The binary clustering coefficient as stated in Equation 2 cannot be applied to directed data. A more refined measure to calculate clustering in directed networks is called transitivity, T (for a review, see Wasserman and Faust, 1994, pg. 243). Transitivity produces the same results as the binary clustering coefficient if applied to an undirected network (Feld, 1981; Newman, 2003) and shares the same properties. More specifically, $0 \leq T \leq 1$, in a completely connected network $T=1$, and in a classical random network $T\rightarrow 0$ as the network size grows if the average degree is constant. Transitivity takes the direction of the ties into consideration by using a more sophisticated definition of a triplet. A triplet $\tau$, centred on node i, must have one in-coming and one out-going tie, i.e. $x_{ki}=x_{ij}=1$ or $x_{ji}=x_{ik}=1$ as shown in Figures 3a and b, respectively.

Figure 3: Non-vacuous triplets centred around node i

Wasserman and Faust (1994) termed triplets that do not fulfill this condition as vacuous. These triplets are not part of the numerator nor of the denominator of the fraction. More specifically, when we are dealing with directed data there can be four basic configurations of a triplet around an individual node i: $\tau_{ij,ik}$, $\tau_{ij,ki}$, $\tau_{ji,ik}$, and $\tau_{ji,ki}$. The configurations $\tau_{ij,ik}$ and $\tau_{ji,ki}$ form, respectively an out- and in-star, and therefore, are vacuous and not part of the fraction. Conversely, the configurations $\tau_{ij,ki}$ and $\tau_{ji,ik}$ are non-vacuous. These can be either transitive or intransitive.

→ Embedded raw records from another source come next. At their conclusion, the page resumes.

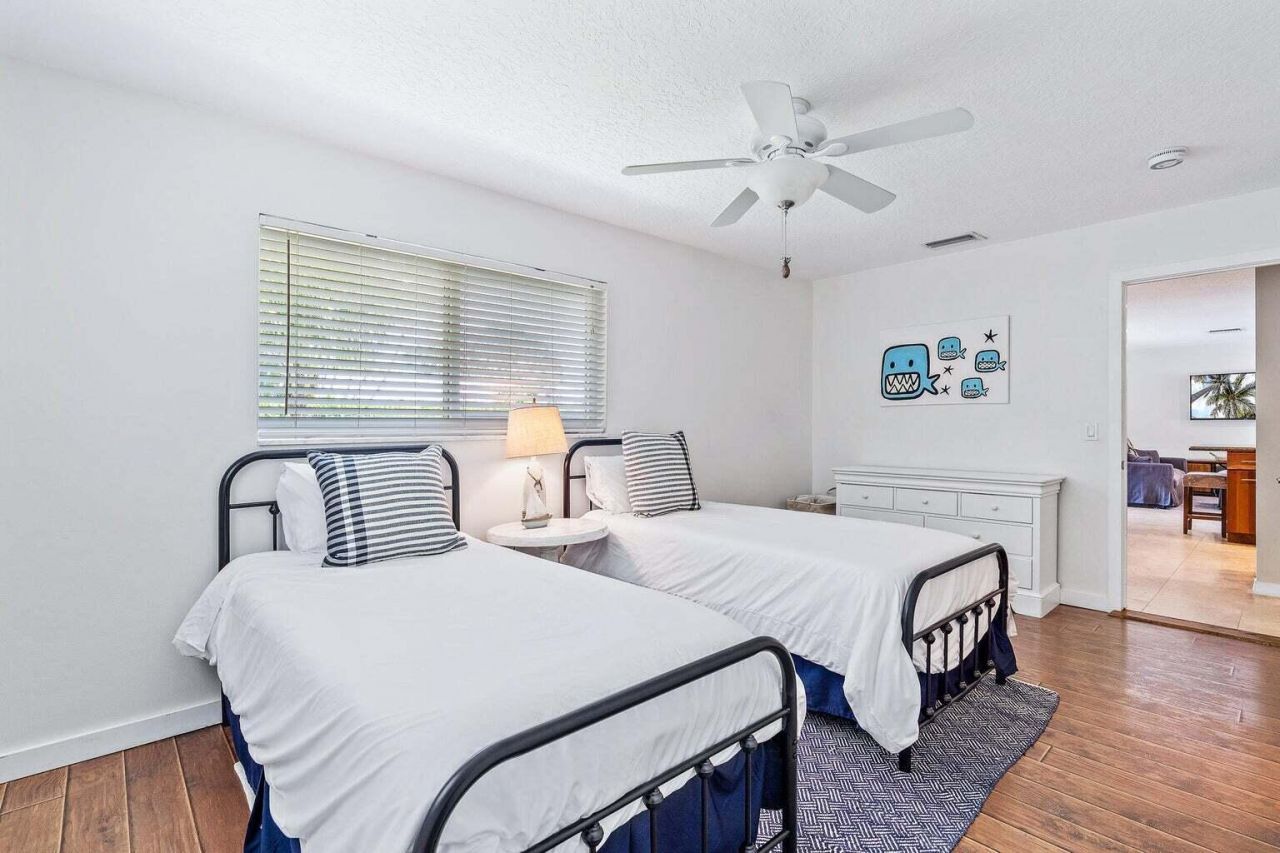 356 Mars Avenue, Tequesta, FL 33469 Photo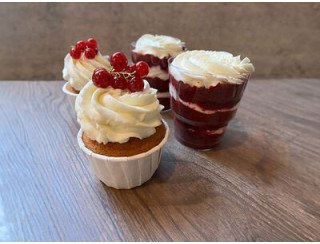 Кондитерская студия Сказка лого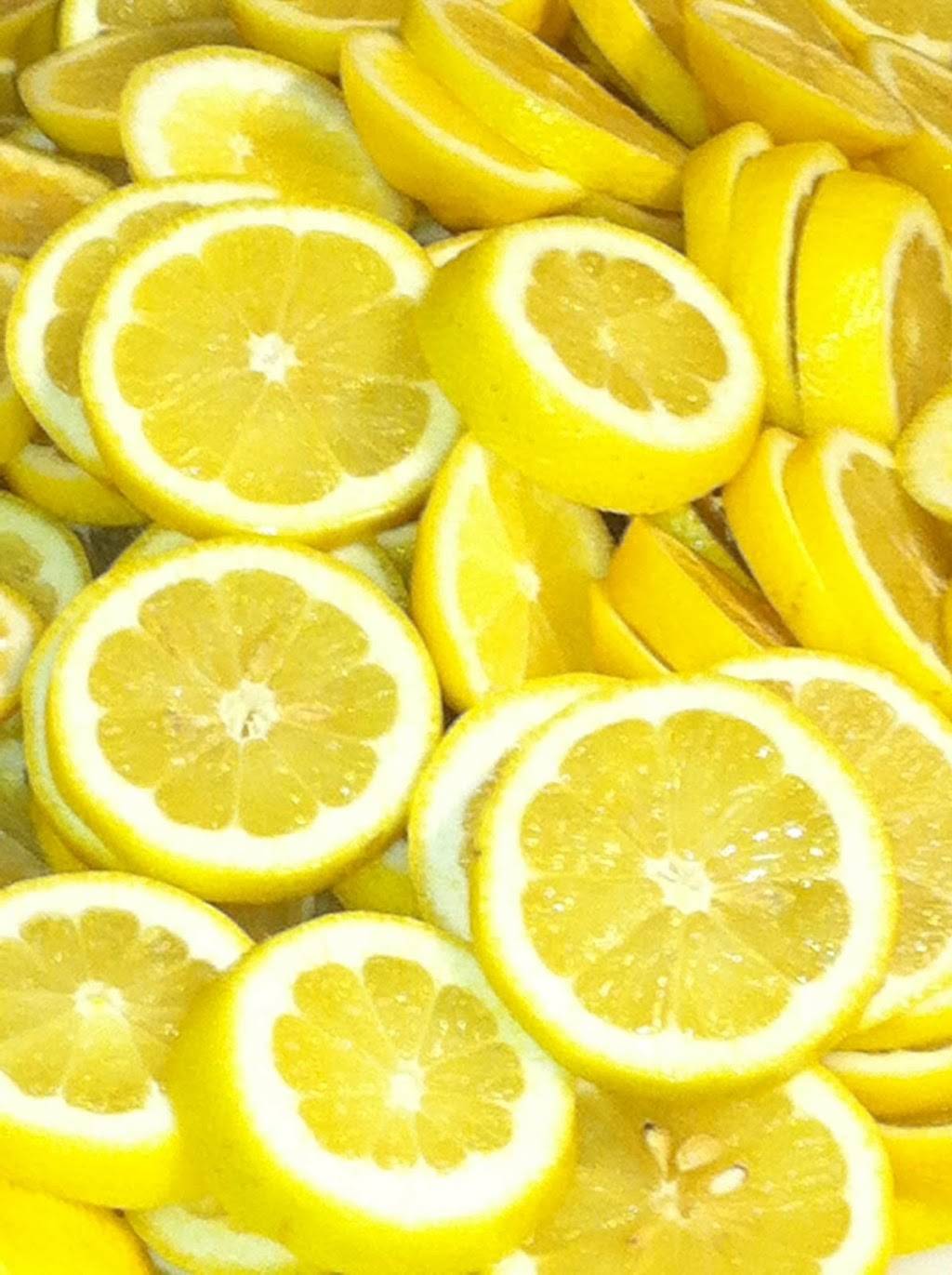 Cowabunga | restaurant | 254 Robinson St, Wakefield, RI 02879, USA | 4012279333 OR +1 401-227-9333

Triplets defined according to Wasserman and Faust (1994) form chains of nodes. These triplets have been termed 2-path as they form chains of two directed ties between three nodes (Luce and Perry, 1949). A triplet is transitive if a tie is present from the first node to the last node of the chain, $x_{kj}=1$ and $x_{jk}=1$ for the triplets shown in Figure 3a and b, respectively. If some of the ties between the nodes in a triplet are reciprocated (i.e., there exist two directed ties within a single dyad), there might exist multiple triplets between the nodes.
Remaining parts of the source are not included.